Reluctantly, I concurred.
Consuelo said, “They should all have their mouths sewn shut. They’re ruining my scenes!”
I sighed. “We have to go back to a voice-over. It’s the only way to do this without embarrassing us all.”
“I’ve talked to Tonio. He’s adamant.”
“Bernard? Won’t you reconsider?”
“I cannot, Mignonne. Saint-Ex forgives me for continuing to work on the sets, only because he’s the one who asked me to get involved. But if I were to take over the narration, I’m not sure he’d speak to me again.”
“He would if it went well, if it goes as planned.”
“At this point, the chances of that are slim. Why don’t you do it?”
It would be foolish to draw further attention to my relationship with Antoine. That a designer would design costumes was a given; to also narrate the production hinted of obsession. I said, “It has to be a man.”
“Hire someone?” asked Bernard.
“With what?” Though Antoine’s publishers had released some funds for the production as an advance against his future sales, the allotment had already run out.
Consuelo wrung her hands. “You must know someone, Bernard.”
“Who would be willing to put in the time, and for free? Only your husband’s most loyal friends. They are hard to find now—and none would be willing to take the chance of having this blow up around Saint-Ex.”
“If no one will do it for Tonio, who do we know who would do it for us?”
Thoughts of Binty hung in the air, but were dismissed unsaid.
“Your brother?” asked Consuelo.
I shook my head. “Leo works long hours. We’d have to move rehearsals to late at night.”
“We could do that.”
“And get him to commit.” That might be the most difficult thing of all.
“Recruit him,” said Consuelo. “Start teaching him the lines at home. In the meantime, we’ll go back to rehearsing with a voice-over. You speak it for now, and fill in for Leo at any rehearsals he has to miss.”
I said, “As long as I don’t end up having to do it for the actual show.”
“If it comes down to that,” said Consuelo, “the show will not go on.”
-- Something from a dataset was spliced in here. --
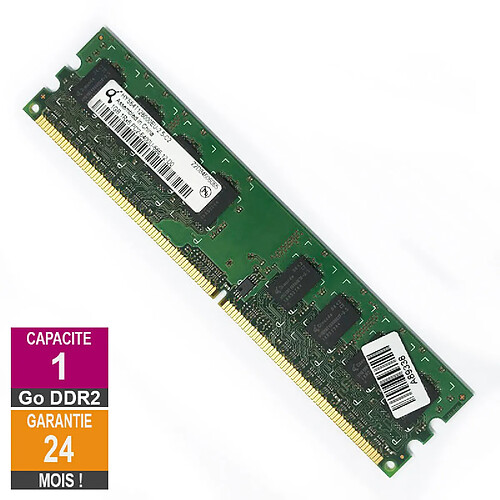 Barrette Mémoire 1Go RAM DDR2 Qimonda HYS64T128000EU-2.5-C2 DIMM PC2-6400U 1Rx8 · Reconditionné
Soon Bernard’s posters and flyers started cropping up everywhere: at the Alliance, in bookstores and galleries, on the counters of shops all over Manhattan. It seemed that everyone familiar with the massive success of
Wind, Sand and Stars
and
Flight to Arras
was eager to promote this unorthodox preview of Antoine’s new story. Bernard had not withdrawn his name from the production; both he and Consuelo had used their connections to spread the word in the press. Already I had heard announcers on radio programs discussing the upcoming show. Consuelo had been interviewed in print several times. No reporter had managed to elicit a comment from Antoine, but Consuelo had rhapsodized shamelessly about his involvement and full support.